> The issue with your analogy is that calculators do not hallucinate. They do not make mistakes. An accountant is able to fully offload the mental overhead of arithmetic because the calculator is reliable.
If you've ever done any modeling/serious accounting, you'll find that you feel more like a DBA than a "person punching on a calculator". You ask questions and then you figure out how to get the answers you want by "querying" excel cells. Many times querying isn't in quotes.
To me, the analogy of the parent is quite apt.
But the database doesn't hallucinate data, if always does exactly what you ask it to do and gives you reliable numbers unless you ask it to do a random operation.
I agree databases don't hallucinate but somehow most databases still end up full of garbage.

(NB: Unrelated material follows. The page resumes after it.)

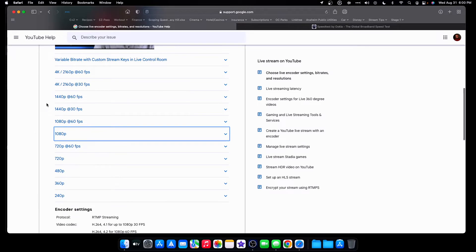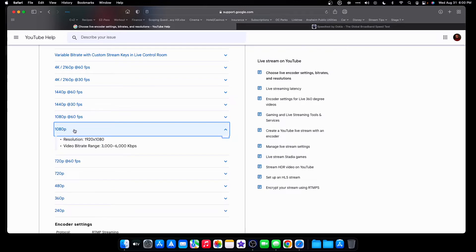YouTube literally tells you what they suggest for every type of streaming. So remember, I have 20 megabytes per second upload speed and I want to stream in either 1080p at 30 or 1080p at 60. For 1080p at 30 frames per second, they suggest a bit rate between 3,000 and 6,000. A 6,000 kilobyte per second bit rate is six megabytes, so it'll be using six of my 20 megabytes to upload — that still leaves me 14 megabytes free. So I could stream at 1080p at 30 frames per second perfectly.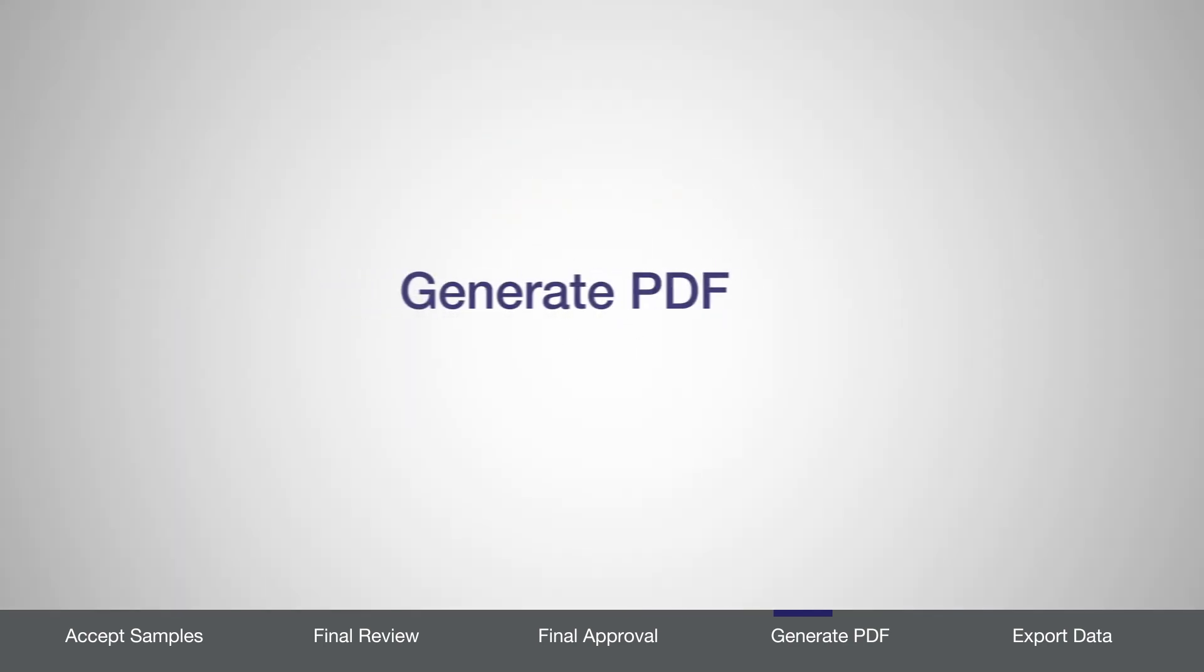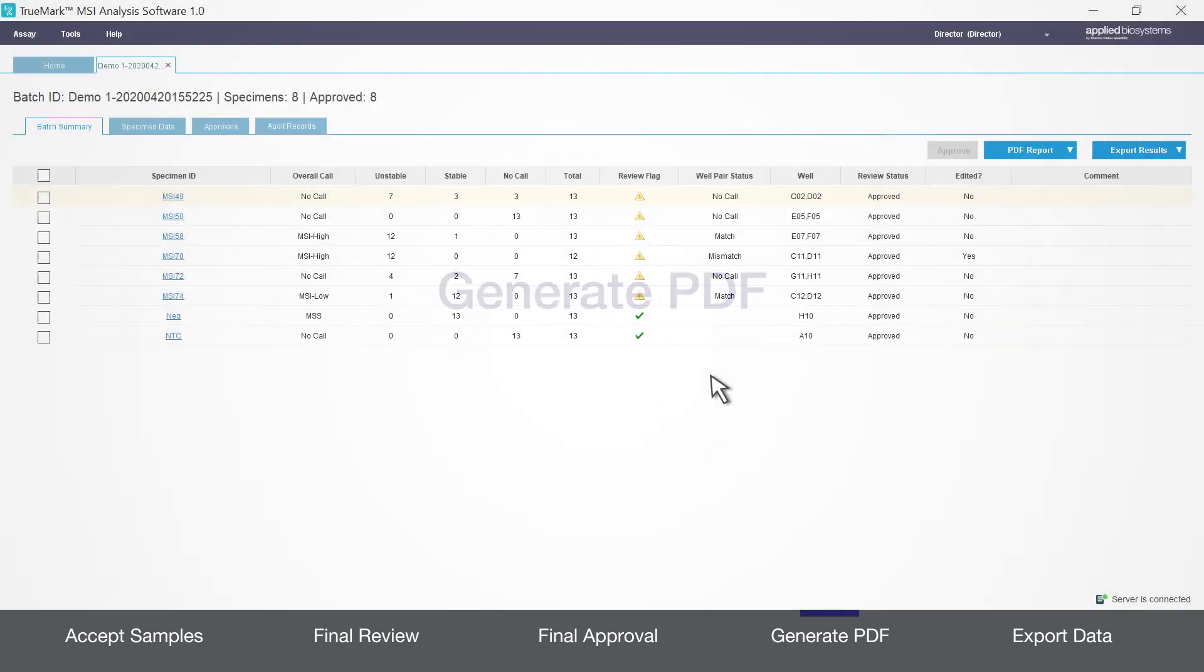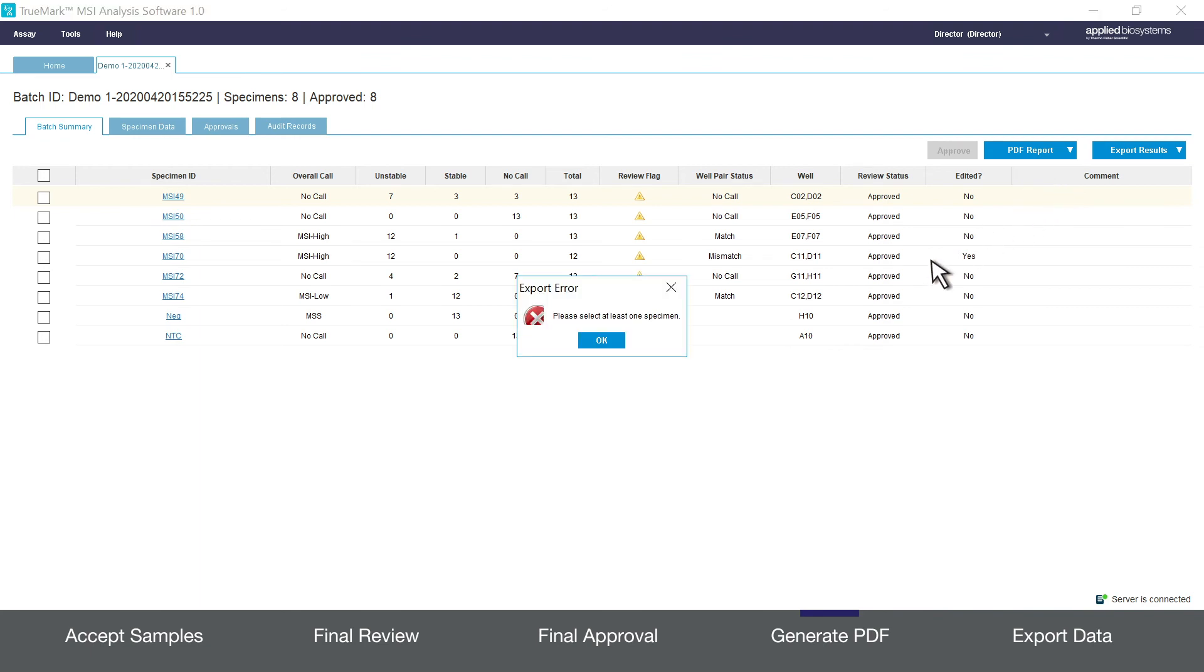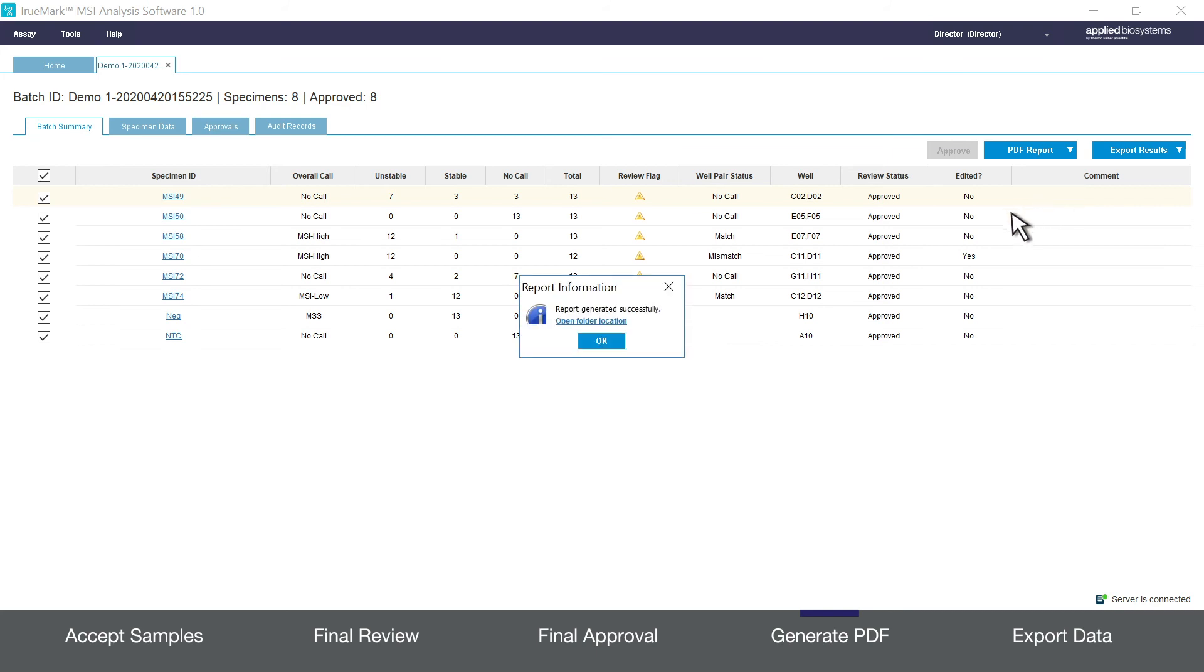Now I'll demonstrate how to generate a PDF file of your data analysis results. From the batch summary tab click PDF report. Select if you want a batch summary level or a specimen level report. The latter being more detailed. If you choose the specimen level report you must use the checkboxes on the left side of the screen to choose which ones you want reported. Once the PDF is generated the software will notify you and you can click to open the report folder.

Whenever people are doing the data entry you shouldn't trust your data. It's not the same as LLM hallucinations but it's not entirely different either.
I really don't understand the hallucination problem now in 2025. If you know what you're doing and you know what you need to get from the LLM and you can describe it well enough that it would be hard to screw up, LLMs are incredibly useful. They can nearly one shot an entire (edited here) skeleton architecture that I only need to nudge into the right place before adding what I want on top of it. Yes, i run into code from LLMs that i have to tweak, but it has been incredibly helpful for me. I haven't had hallucination problems in a couple of years now...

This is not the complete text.